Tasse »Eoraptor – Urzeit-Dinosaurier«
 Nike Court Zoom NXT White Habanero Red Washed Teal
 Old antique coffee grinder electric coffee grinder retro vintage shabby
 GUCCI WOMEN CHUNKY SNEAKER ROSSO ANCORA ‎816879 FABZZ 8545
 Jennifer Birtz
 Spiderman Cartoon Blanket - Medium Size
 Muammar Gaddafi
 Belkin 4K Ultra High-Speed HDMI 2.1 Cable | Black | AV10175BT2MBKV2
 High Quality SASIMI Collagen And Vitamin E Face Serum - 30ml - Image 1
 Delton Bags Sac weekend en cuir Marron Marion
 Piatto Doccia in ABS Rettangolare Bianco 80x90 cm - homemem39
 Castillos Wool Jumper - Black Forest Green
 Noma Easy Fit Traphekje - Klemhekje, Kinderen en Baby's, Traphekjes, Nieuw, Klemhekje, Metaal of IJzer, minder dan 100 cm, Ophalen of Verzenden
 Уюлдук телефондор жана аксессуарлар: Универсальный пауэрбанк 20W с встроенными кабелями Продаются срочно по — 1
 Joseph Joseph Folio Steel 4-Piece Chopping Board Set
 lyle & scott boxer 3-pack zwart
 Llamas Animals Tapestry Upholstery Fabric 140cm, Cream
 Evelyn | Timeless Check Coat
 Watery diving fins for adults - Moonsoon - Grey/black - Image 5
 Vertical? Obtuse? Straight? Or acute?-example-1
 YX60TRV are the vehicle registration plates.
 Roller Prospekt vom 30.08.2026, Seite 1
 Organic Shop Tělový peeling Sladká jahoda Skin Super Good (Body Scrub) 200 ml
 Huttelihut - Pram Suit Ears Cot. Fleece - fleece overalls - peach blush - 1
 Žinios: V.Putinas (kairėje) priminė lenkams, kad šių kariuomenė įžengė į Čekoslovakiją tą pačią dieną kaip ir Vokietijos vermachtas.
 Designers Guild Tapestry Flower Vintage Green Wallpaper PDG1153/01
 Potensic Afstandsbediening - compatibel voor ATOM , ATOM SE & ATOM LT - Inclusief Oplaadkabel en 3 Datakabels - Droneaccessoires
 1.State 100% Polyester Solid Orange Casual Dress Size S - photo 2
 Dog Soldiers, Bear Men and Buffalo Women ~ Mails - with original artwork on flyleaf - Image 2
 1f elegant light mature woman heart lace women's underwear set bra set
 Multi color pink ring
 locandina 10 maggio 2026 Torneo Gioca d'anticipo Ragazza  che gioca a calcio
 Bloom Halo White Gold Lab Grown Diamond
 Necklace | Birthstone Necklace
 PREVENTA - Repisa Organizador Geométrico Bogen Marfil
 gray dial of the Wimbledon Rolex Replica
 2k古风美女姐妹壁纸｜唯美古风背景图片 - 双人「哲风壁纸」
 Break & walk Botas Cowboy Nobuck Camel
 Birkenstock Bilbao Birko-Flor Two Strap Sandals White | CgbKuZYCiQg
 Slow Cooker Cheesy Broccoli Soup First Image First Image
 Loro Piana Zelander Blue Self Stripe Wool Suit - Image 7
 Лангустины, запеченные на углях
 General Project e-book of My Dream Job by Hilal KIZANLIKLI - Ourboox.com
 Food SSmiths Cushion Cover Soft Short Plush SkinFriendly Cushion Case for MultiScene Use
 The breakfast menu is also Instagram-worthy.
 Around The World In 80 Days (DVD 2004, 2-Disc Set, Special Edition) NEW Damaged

## TASK DETAILS
Please output the line that contains "Лангустины, запеченные на углях" and every line after it in the entries above, exactly, and nothing more.

## REPLY
 Лангустины, запеченные на углях
 General Project e-book of My Dream Job by Hilal KIZANLIKLI - Ourboox.com
 Food SSmiths Cushion Cover Soft Short Plush SkinFriendly Cushion Case for MultiScene Use
 The breakfast menu is also Instagram-worthy.
 Around The World In 80 Days (DVD 2004, 2-Disc Set, Special Edition) NEW Damaged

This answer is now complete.